Wi-Fi access speeds increase with each new generation, but there are fundamental limits to how fast these networks can operate.

  • Fairness to legacy devices forces overhead timings to remain fixed and limit throughput, the only way around this problem has been to add new spectrum as the 802.11ad does in the 60 Ghz (vs. 2.4Ghz and 5Ghz for older devices).
  • In addition there are complications introduced by overlapping device transmissions in the same area (a problem cellular addresses by having the base station control access in a particular cell).
  • The Near‐Far problem affects all wireless systems. Longer distances reduce signal power at the receiver, which reduces the data rate. Low data rates are often used for management (broadcast) traffic because the AP (wireless router) does not know how far away the client devices will be.

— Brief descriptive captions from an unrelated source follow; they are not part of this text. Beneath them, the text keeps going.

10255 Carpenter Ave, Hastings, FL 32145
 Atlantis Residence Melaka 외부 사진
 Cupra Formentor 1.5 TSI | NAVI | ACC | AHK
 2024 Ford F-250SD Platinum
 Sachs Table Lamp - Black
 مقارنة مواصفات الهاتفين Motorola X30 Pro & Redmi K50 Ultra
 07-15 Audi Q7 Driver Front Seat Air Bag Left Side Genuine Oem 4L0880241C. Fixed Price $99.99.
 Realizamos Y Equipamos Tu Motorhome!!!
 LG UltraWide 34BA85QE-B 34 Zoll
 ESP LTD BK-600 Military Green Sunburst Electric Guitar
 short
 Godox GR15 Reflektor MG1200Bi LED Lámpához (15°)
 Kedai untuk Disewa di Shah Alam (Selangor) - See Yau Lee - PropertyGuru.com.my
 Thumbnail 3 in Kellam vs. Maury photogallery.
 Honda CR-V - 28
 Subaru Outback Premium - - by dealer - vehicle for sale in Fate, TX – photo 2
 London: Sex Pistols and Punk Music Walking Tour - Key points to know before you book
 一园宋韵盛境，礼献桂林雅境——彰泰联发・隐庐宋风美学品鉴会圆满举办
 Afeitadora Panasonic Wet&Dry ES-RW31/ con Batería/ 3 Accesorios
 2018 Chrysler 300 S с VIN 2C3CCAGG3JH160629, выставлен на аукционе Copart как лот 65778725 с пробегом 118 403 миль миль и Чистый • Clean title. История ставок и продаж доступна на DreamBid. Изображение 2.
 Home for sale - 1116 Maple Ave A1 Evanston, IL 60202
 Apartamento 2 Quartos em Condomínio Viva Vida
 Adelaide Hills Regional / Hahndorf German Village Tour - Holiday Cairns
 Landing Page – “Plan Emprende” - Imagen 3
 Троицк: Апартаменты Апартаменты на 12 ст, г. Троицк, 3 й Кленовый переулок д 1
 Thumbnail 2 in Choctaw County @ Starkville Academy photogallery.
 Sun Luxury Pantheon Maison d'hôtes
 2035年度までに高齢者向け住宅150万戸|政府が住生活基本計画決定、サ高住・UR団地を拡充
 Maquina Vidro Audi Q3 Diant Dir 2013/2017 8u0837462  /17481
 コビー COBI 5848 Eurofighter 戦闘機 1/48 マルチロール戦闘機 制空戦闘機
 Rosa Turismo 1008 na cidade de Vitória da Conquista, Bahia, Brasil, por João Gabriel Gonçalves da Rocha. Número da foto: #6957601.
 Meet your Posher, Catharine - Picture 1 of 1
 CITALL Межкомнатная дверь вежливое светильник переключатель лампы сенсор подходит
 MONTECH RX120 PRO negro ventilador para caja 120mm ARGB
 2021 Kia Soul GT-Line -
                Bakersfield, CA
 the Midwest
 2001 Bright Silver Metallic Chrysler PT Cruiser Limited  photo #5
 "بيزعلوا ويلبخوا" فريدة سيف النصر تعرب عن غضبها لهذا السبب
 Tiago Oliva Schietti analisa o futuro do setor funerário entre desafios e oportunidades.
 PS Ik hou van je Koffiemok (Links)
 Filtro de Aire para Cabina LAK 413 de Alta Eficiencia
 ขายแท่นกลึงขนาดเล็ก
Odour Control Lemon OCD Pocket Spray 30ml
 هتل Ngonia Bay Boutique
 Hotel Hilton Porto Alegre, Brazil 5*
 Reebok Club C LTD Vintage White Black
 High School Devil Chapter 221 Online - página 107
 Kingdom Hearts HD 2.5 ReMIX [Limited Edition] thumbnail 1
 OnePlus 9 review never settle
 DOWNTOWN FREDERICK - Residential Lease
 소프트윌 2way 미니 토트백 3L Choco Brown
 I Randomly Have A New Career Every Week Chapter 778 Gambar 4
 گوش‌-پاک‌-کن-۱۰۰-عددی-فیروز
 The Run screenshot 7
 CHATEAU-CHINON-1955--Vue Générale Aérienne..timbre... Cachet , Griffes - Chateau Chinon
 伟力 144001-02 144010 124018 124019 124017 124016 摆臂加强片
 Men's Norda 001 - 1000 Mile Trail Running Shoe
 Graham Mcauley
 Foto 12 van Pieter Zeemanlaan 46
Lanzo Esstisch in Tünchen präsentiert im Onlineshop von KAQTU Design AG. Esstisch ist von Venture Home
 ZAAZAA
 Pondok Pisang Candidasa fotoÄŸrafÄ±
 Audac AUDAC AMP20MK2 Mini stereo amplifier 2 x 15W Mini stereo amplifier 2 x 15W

This low data rate management traffic wastes bandwidth when stations are near.

Speaker Bio: Christopher Hansen has over 20 years of experience in wireless communications and a Ph.D. in electrical engineering from UCLA. Through his consulting company, Covariant Corporation, he has been helping clients with challenging problems in communication theory, signal processing, RF systems and Wi-Fi standardization for nearly five years.